A cama

DN 2011-01-02 MARIA DE LURDES VALE
Nassim Taleb, o autor de O Cisne Negro, obra que desenvolve a teoria de como somos (quase sempre) surpreendidos pelo improvável ou aleatório - veja-se o 11 de Setembro e a crise em que estamos submersos e para a qual não existe solução à vista -, acaba de lançar um novo livro intitulado A Cama de Procustes: Aforismos Práticos e Filosóficos que vale a pena ter à cabeceira neste novo início de década.
Os aforismos são uma boa alavanca para o pensamento. Ajudam-nos a sair de nós próprios e a tentar perceber porque é que reagimos de determinada maneira perante as mais diversas situações. Um exemplo: "Lembramo-nos com mais facilidade dos mails que enviamos e que não tiveram resposta do que daqueles a que não respondemos." Porque será? Mais um: "Uma ideia começa a tornar- -se interessante quando ficamos com medo de a levar até à sua conclusão lógica." Sim, é isto. E então?

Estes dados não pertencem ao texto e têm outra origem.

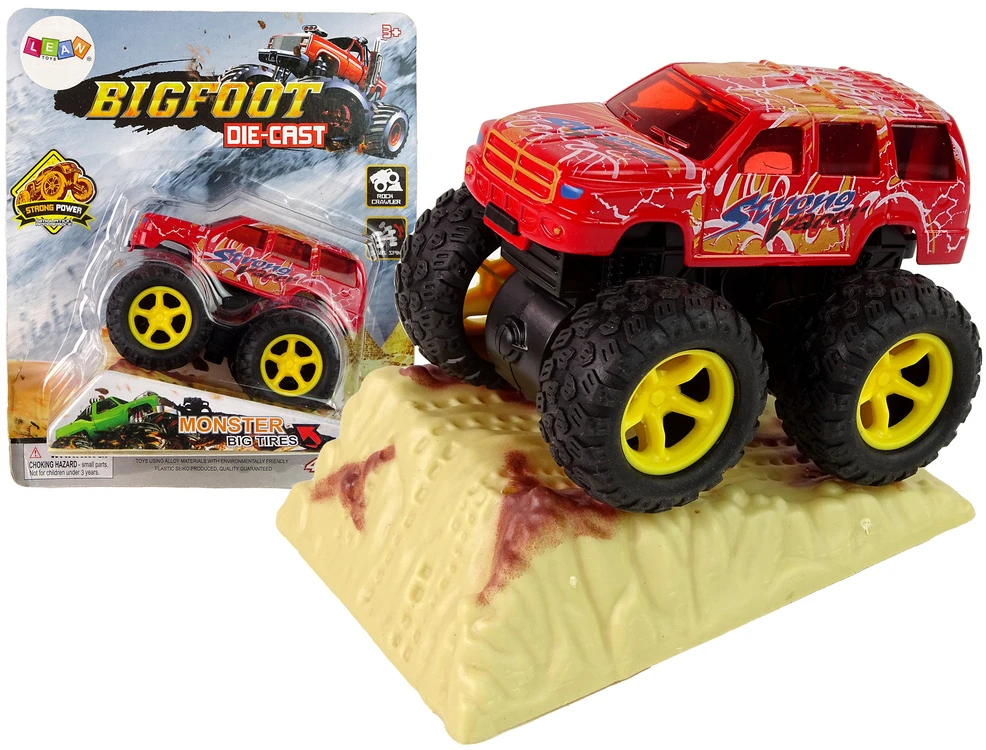 Lean Toys Žaislinis Monster Truck sunkvežimis su traukimo mechanizmu ir guminių padangų sistema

Passo para o Procustes e para a sua cama. Trata-se de um conto da mitologia grega que nos fala de um homem que dava guarida a viajantes que passassem pela sua propriedade. Em casa tinha uma cama com um determinado comprimento e que ele ajustava a quem lá dormisse. A forma como o fazia não era a mais democrática, pois os que fossem mais pequenos eram brutalmente esticados e os que fossem mais compridos eram decepados. Todos tinham de se encaixar naquela medida de cama. Procustes foi mais tarde vencido por Teseu, que o obrigou a provar do mesmo remédio que receitava aos outros.
O que este escritor e pensador de origem libanesa, que vive nos EUA, pretende com este livro e através desta imagem mitológica é alertar-nos para o mundo de hoje em que tudo está demasiado formatado em ideias e modelos preconcebidos e que muitos (felizmente) já perceberam não irão levar-nos a nenhum lado. Estamos a ser obrigados a encaixar-nos em compartimentos que nos acenam serem os mais adequados à nossa medida, sem pensarmos um segundo na capacidade que temos de sermos nós quem diz como é queremos viver e o que queremos fazer do ponto de vista económico ou social. É muito interessante verificar como Taleb acredita que é só quando partimos em direcção ao desconhecido e aceitamos os limites do nosso conhecimento que conseguimos entender melhor o que se passa à nossa volta.
A melhor forma de reagir ao espírito de rebanho, ao que é global e virtual, é o pensamento. Essa grande capacidade que o homem desenvolveu ao longo de séculos e através da qual construiu o que é ímpar. Pensar é o grande desafio que temos de colocar a nós próprios todos os dias do ano que agora começa sob pena de acordamos mais frágeis do que na realidade já somos.